Stored items
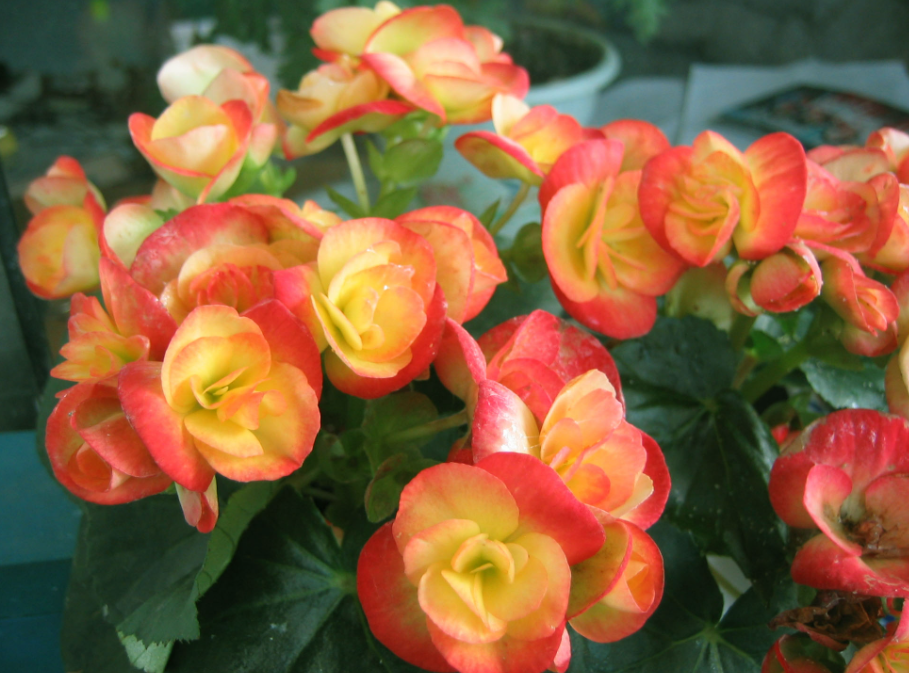 9月份适合种什么花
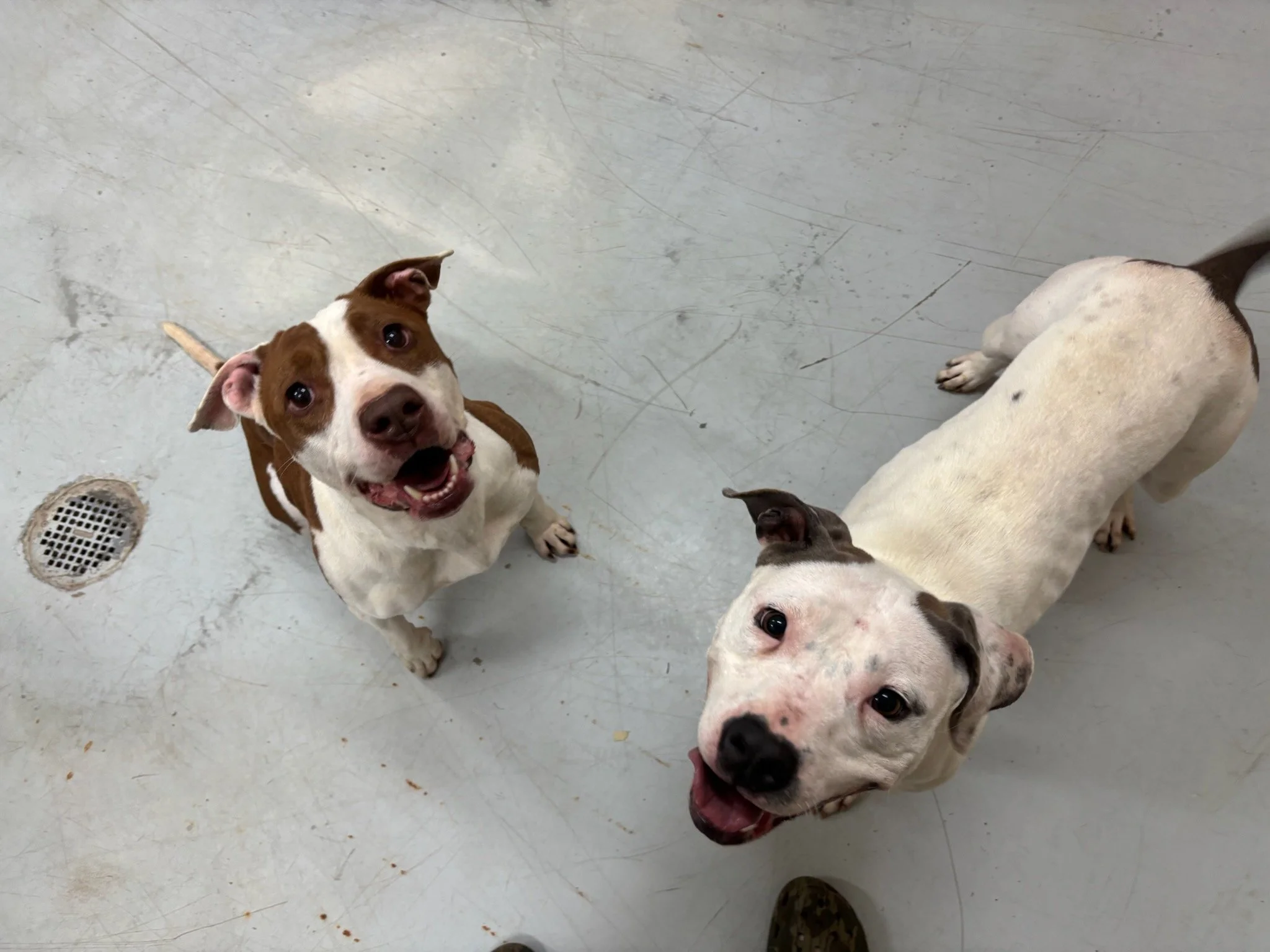 Ruby and Buffy again. They are housebroken, dog friendly, and very well behaved.
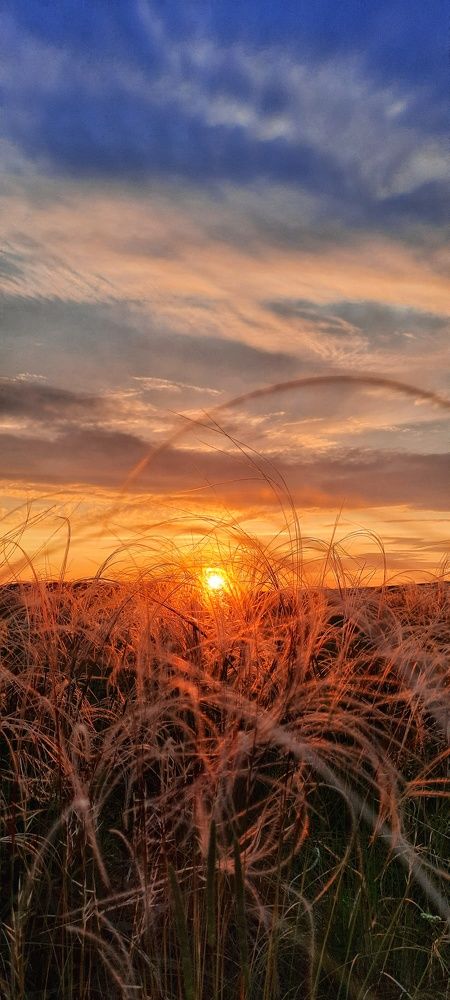 Photograph by Анна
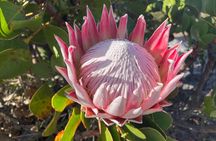 Guided Adventurous Table Mountain Hike Tour (Private Pickup)
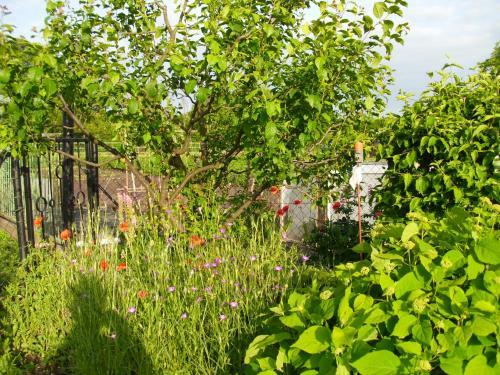 Apartamento Ferienwohnung Am Dorfplatz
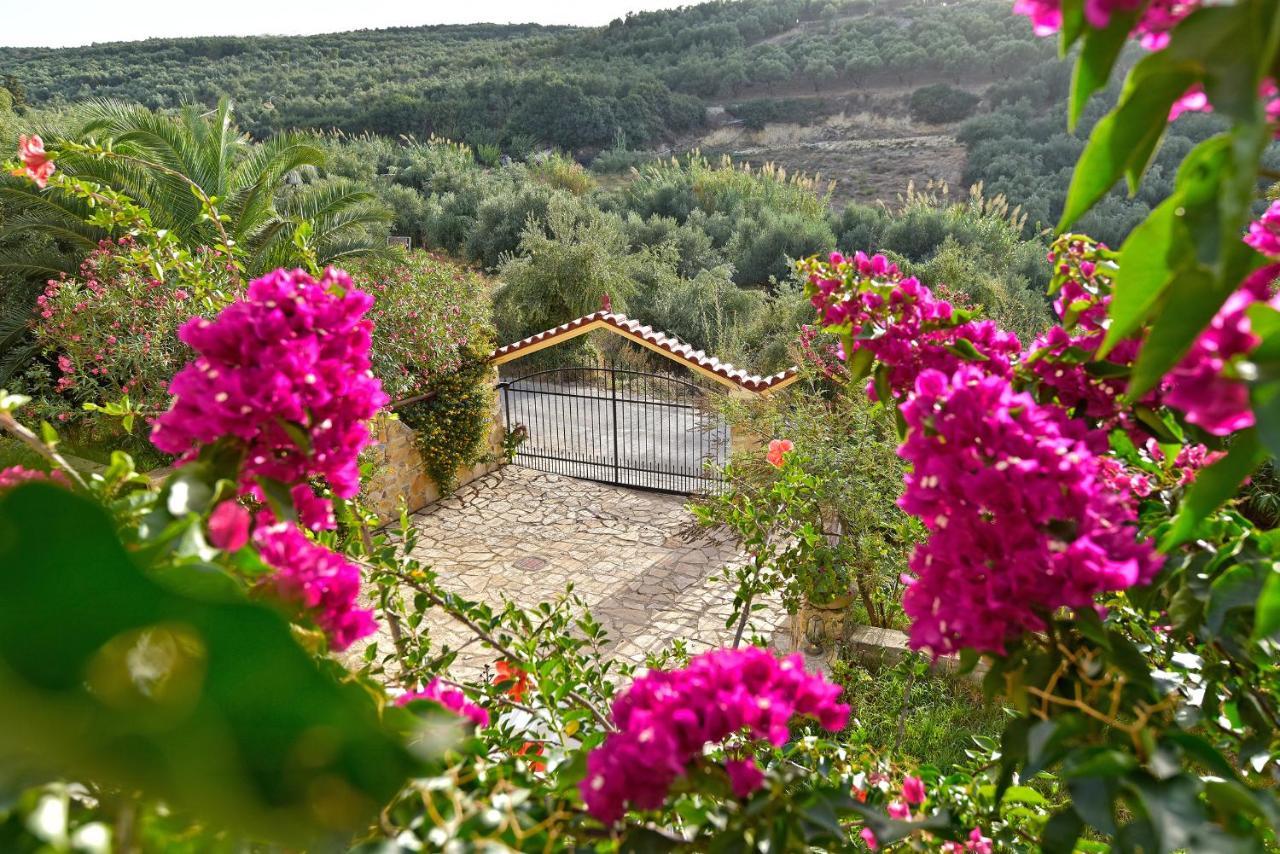 Olive Farm Villa Agia Marina Eksteriør billede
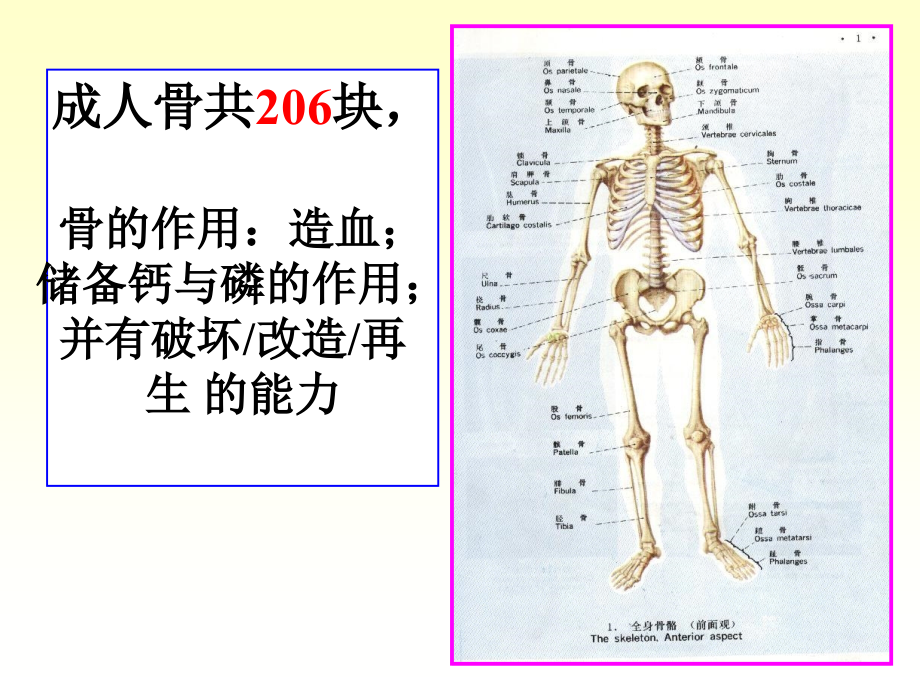 《人体解剖学》运动系统-骨与骨连接ppt课件-文档资料_第3页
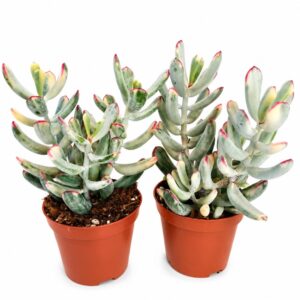 cotyledon orbiculata variegata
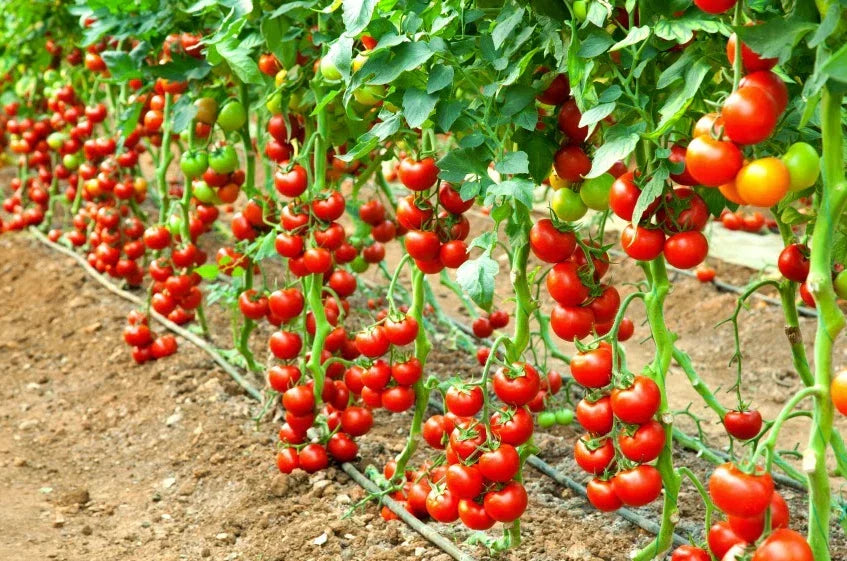 Early Cascade Tomato Seeds - Heirloom Organic Non-GMO, Compact, Bright Red, Solanum lycopersicum, Perfect for Home Garden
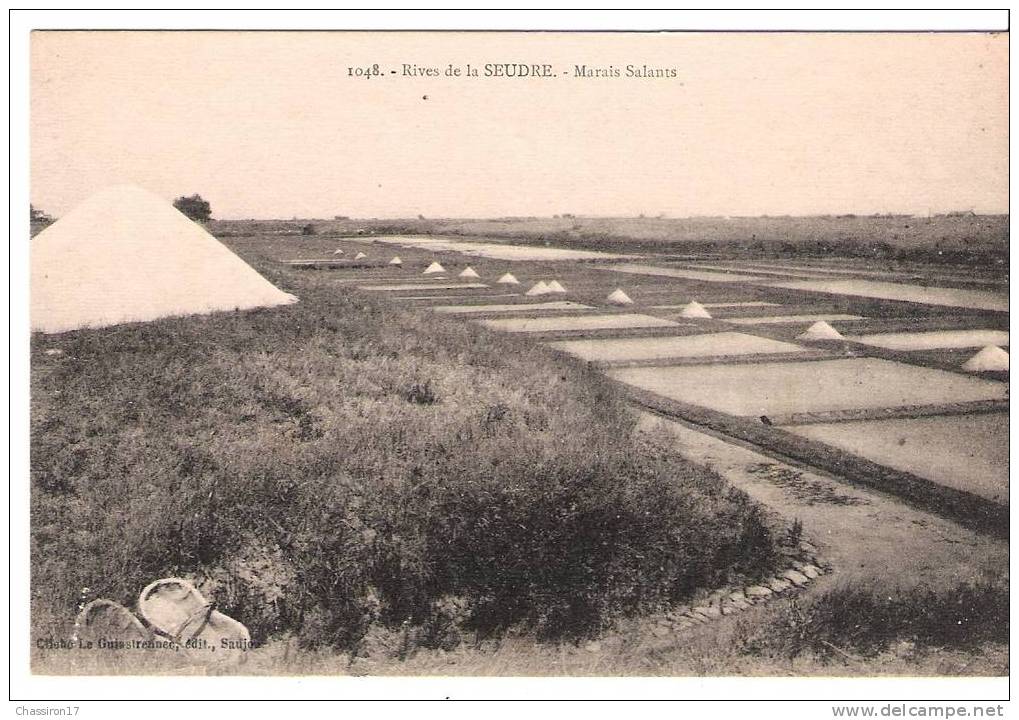 17  -   Rives De La SEUDRE -  Marais Salants - La Tremblade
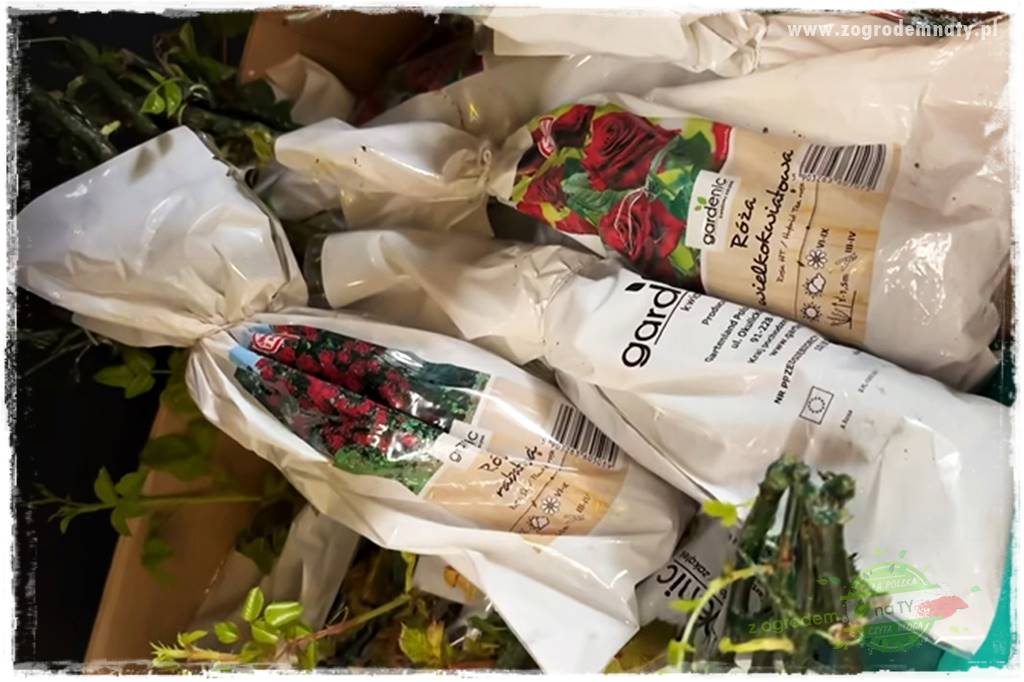 Jak sadzić krzewy z odkrytym korzeniem 2 Jak sadzić krzewy z odkrytym korzeniem 2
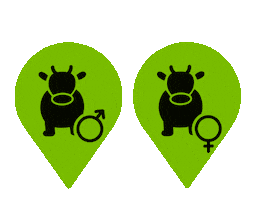 Cow Toro Sticker by Digitanimal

**Your assignment**
All that is needed is an exact copy of the lines from the top of the entries through the line containing "cotyledon orbiculata variegata", pictures left out.

**Answer to the problem**
 9月份适合种什么花
 Ruby and Buffy again. They are housebroken, dog friendly, and very well behaved.
 Photograph by Анна
 Guided Adventurous Table Mountain Hike Tour (Private Pickup)
 Apartamento Ferienwohnung Am Dorfplatz
 Olive Farm Villa Agia Marina Eksteriør billede
 《人体解剖学》运动系统-骨与骨连接ppt课件-文档资料_第3页
 cotyledon orbiculata variegata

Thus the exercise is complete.